Stars: *** 1/2
Rating: R for violence, nudity, sexual content, and language
Run Time: 1 hour, 59 minutes
Emotional cruelty weighs heavy in this bold and unflinching look at the ignoble underbelly of the Catholic Church.
As a result of real or imagined transgressions, a group of young women find themselves remanded to life inside the Magdalene Asylum, one of a chain of Irish convents devoted to the atonement of sins by virtue of indefinite sentences of servitude. The asylums specialize in impeccable laundry, turning out pristine linens laundered by young women who are rescuing themselves from eternal damnation by exposure to inhumane brutality and vicious slave labor.
Rose, Bernadette and Margaret (Dorothy Duffy, Nora-Jane Noone, and Anne-Marie Duff) are the latest trio of “victims” to be imprisoned by Magdalene’s walls. They are banished to Magdalene by unforgiving family members who turn a deaf ear to pleas for forgiveness. Under the harsh tutelage of Sister Bridget (a wicked Geraldine McEwen), the girls are schooled in the fine art of hand-washing, relentlessly scrub-a-dub-dubbing until their fingers are raw and bleeding. Beatings, starvation and humiliation are also in a day’s work for these ostracized unfortunates. The sisters wield their authority with intolerant spite, going so far as to line up their frightened charges rank-and-file in order to censure their naked bodies, fraternity hazing style.
“Magdalene” applies its damning social ammunition slowly and with finesse.

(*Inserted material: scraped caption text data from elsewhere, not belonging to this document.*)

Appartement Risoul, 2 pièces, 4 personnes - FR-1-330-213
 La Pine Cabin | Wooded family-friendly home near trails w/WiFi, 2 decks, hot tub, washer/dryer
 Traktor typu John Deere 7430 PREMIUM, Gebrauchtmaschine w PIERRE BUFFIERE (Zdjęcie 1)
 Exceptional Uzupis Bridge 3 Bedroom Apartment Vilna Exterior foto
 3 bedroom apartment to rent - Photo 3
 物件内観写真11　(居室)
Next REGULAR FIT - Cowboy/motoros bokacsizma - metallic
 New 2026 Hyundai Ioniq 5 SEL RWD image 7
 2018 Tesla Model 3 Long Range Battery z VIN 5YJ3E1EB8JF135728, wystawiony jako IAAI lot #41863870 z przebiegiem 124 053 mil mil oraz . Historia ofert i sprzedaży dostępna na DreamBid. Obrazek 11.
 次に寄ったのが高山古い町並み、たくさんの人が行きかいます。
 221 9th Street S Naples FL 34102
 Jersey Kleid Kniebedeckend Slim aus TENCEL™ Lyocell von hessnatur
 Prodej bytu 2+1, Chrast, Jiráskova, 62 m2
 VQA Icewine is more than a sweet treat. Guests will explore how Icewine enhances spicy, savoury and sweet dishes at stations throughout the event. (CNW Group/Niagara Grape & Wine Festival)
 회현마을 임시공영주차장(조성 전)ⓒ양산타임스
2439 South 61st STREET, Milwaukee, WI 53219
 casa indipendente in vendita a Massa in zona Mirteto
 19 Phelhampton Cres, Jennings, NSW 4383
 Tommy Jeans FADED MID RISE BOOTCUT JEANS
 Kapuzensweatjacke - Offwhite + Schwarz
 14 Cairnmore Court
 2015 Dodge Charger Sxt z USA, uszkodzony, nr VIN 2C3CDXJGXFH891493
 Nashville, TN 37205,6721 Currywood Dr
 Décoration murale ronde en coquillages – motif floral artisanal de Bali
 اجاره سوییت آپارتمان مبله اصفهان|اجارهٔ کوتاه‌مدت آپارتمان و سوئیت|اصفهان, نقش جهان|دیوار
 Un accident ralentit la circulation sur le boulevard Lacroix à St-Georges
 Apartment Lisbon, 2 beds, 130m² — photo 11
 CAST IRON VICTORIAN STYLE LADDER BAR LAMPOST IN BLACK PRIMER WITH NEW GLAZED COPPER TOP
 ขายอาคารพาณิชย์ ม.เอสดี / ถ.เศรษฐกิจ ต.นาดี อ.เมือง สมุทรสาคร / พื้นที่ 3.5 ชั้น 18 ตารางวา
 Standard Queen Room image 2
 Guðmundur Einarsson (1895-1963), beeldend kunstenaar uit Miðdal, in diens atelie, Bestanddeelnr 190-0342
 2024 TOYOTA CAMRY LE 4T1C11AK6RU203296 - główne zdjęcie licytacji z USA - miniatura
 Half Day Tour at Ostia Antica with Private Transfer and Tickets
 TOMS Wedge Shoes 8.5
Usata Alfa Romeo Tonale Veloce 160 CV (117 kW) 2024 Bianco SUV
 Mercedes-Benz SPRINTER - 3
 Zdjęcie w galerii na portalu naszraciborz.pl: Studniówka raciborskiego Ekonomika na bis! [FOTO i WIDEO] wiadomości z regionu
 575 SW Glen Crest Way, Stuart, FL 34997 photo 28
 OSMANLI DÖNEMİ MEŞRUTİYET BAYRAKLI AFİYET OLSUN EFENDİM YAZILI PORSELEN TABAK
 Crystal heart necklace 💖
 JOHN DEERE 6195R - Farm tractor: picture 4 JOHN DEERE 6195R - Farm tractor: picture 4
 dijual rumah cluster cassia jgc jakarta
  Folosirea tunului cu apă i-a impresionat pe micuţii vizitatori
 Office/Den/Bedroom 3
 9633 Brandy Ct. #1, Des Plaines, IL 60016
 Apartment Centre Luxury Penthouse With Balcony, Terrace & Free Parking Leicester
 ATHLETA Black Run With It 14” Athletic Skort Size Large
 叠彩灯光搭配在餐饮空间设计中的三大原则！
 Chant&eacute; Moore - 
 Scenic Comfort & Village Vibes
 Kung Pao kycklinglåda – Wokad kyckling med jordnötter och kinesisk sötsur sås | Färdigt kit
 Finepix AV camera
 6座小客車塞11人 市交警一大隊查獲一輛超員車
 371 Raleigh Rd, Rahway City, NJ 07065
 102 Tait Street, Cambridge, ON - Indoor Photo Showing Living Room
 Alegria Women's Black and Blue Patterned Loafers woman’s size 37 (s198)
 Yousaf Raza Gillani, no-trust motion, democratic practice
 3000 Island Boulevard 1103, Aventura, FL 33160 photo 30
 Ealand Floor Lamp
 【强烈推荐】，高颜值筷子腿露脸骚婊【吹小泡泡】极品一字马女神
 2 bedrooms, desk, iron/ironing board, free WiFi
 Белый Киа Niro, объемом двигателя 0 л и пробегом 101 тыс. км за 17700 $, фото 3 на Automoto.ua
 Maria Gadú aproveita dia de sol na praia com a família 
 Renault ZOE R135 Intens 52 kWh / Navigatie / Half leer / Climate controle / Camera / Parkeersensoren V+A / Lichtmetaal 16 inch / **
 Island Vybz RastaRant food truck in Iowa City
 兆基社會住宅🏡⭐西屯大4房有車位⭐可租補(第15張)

The girls themselves are a composite of the nearly 30,000 real young women who suffered at the hands of these medieval tyrantesses alleged to be implementing God’s work.
The last of the Magdalene Asylums closed its doors in (gulp) 1996. I saw the film for the first time this summer, at the Irish country home of friends whose linens had been sent out to Magdalene for decades. Their relatively fresh knowledge of the Church’s ugly local secret is an acute blow to both their national pride and their lifelong religious beliefs.
The Magdalene Sisters (ironically titled the Sisters of Mercy) are depicted factually, according to the research of no-nonsense director Peter Mullan, as a barbaric order whose sense of duty and religion is grounded in malevolent deeds. Sister Bridget makes “Cuckoo’s Nest” Nurse Ratched look positively pious by comparison. The film’s strength lies not in the harrowing crimes of its namesakes, but in the feisty spirit of the maltreated girls whose determination to escape their Dickensian nightmare transcends all.